_Your instructions_
Please transcribe each of the records exactly as given.

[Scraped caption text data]

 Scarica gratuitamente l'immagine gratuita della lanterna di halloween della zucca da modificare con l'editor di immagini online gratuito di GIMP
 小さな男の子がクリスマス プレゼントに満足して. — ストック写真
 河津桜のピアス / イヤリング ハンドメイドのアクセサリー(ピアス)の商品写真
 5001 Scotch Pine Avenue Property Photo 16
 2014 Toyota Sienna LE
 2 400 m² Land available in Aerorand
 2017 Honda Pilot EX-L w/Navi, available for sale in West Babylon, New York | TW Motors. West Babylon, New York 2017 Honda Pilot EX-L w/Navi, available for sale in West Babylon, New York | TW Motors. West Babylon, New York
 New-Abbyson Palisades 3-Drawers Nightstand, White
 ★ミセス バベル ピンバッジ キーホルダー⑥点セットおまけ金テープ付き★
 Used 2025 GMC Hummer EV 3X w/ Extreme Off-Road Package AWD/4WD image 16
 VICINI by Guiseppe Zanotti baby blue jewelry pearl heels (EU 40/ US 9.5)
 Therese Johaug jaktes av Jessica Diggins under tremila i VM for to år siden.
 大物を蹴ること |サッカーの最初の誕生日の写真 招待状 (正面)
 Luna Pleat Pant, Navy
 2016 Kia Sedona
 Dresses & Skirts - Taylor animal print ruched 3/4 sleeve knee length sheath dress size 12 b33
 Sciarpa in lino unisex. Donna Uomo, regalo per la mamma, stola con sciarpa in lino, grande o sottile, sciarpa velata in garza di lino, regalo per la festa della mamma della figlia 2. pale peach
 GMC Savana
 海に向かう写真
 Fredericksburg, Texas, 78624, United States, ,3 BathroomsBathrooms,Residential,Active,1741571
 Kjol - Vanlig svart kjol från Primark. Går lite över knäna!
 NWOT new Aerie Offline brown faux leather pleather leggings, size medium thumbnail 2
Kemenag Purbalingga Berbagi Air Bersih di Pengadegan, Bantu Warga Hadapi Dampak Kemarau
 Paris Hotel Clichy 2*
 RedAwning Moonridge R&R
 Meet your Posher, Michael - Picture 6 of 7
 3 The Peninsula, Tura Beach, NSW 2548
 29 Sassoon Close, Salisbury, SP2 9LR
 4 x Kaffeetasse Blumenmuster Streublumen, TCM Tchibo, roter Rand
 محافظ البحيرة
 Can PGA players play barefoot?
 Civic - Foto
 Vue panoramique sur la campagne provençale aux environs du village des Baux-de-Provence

_Task response_
 Scarica gratuitamente l'immagine gratuita della lanterna di halloween della zucca da modificare con l'editor di immagini online gratuito di GIMP
 小さな男の子がクリスマス プレゼントに満足して. — ストック写真
 河津桜のピアス / イヤリング ハンドメイドのアクセサリー(ピアス)の商品写真
 5001 Scotch Pine Avenue Property Photo 16
 2014 Toyota Sienna LE
 2 400 m² Land available in Aerorand
 2017 Honda Pilot EX-L w/Navi, available for sale in West Babylon, New York | TW Motors. West Babylon, New York 2017 Honda Pilot EX-L w/Navi, available for sale in West Babylon, New York | TW Motors. West Babylon, New York
 New-Abbyson Palisades 3-Drawers Nightstand, White
 ★ミセス バベル ピンバッジ キーホルダー⑥点セットおまけ金テープ付き★
 Used 2025 GMC Hummer EV 3X w/ Extreme Off-Road Package AWD/4WD image 16
 VICINI by Guiseppe Zanotti baby blue jewelry pearl heels (EU 40/ US 9.5)
 Therese Johaug jaktes av Jessica Diggins under tremila i VM for to år siden.
 大物を蹴ること |サッカーの最初の誕生日の写真 招待状 (正面)
 Luna Pleat Pant, Navy
 2016 Kia Sedona
 Dresses & Skirts - Taylor animal print ruched 3/4 sleeve knee length sheath dress size 12 b33
 Sciarpa in lino unisex. Donna Uomo, regalo per la mamma, stola con sciarpa in lino, grande o sottile, sciarpa velata in garza di lino, regalo per la festa della mamma della figlia 2. pale peach
 GMC Savana
 海に向かう写真
 Fredericksburg, Texas, 78624, United States, ,3 BathroomsBathrooms,Residential,Active,1741571
 Kjol - Vanlig svart kjol från Primark. Går lite över knäna!
 NWOT new Aerie Offline brown faux leather pleather leggings, size medium thumbnail 2
Kemenag Purbalingga Berbagi Air Bersih di Pengadegan, Bantu Warga Hadapi Dampak Kemarau
 Paris Hotel Clichy 2*
 RedAwning Moonridge R&R
 Meet your Posher, Michael - Picture 6 of 7
 3 The Peninsula, Tura Beach, NSW 2548
 29 Sassoon Close, Salisbury, SP2 9LR
 4 x Kaffeetasse Blumenmuster Streublumen, TCM Tchibo, roter Rand
 محافظ البحيرة
 Can PGA players play barefoot?
 Civic - Foto
 Vue panoramique sur la campagne provençale aux environs du village des Baux-de-Provence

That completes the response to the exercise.